Benchmark details contain too many chars to display

ldorau · 2025-04-15T15:32:20Z

"Exception: The directory /home/test-user/bench_workdir_umf exists but is not a benchmark work directory."
See: https://github.com/oneapi-src/unified-memory-framework/actions/runs/14473372398/job/40592824780
@lplewa @lukaszstolarczuk Could you fix it?

ldorau · 2025-04-17T12:56:55Z

The last commit accde78 is not finished yet !

vinser52 · 2025-04-17T14:39:18Z

What is the purpose of this PR, could you please describe the scenario and how these changes help?

lplewa · 2025-04-18T13:09:58Z

What is the purpose of this PR, could you please describe the scenario and how these changes help?

We have a race, between insert and delete of entry in tracker

Top screen in thread one, bottom screen is thread two. Numbers shows order of the operations.

vinser52 · 2025-04-22T09:53:16Z

But how is it possible that one thread has some pointer which belongs to the entry in the memory tracker and another thread removes that entry from the tracker? The first thing that came to my mind is the following:

T1 allocates memory, and the corresponding region is put into the tracker
T2 frees the memory allocated by T1, and the corresponding region is removed from the tracker
T1 is still trying to use the memory which is already been freed by T2.
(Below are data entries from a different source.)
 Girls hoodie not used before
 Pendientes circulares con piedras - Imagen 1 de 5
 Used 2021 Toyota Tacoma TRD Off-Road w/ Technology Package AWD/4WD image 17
But it is an ill-formed client's code. What is the real scenario?

lplewa · 2025-04-23T09:58:42Z

Pool nesting detection. We are checking if there is region in the tracker that contains region that we are adding. So we are looking for region with address lower then our - we are finding one, and in the exact moment other thread removes this region which we found.

vinser52 · 2025-04-28T10:23:35Z

Pool nesting detection. We are checking if there is region in the tracker that contains region that we are adding. So we are looking for region with address lower then our - we are finding one, and in the exact moment other thread removes this region which we found.

That is exactly my question. How such a scenario might happen: if T1 has a pointer P, that belongs to some region R, and T2 removes this region R.

ldorau · 2025-04-28T20:20:37Z

Pool nesting detection. We are checking if there is region in the tracker that contains region that we are adding. So we are looking for region with address lower then our - we are finding one, and in the exact moment other thread removes this region which we found.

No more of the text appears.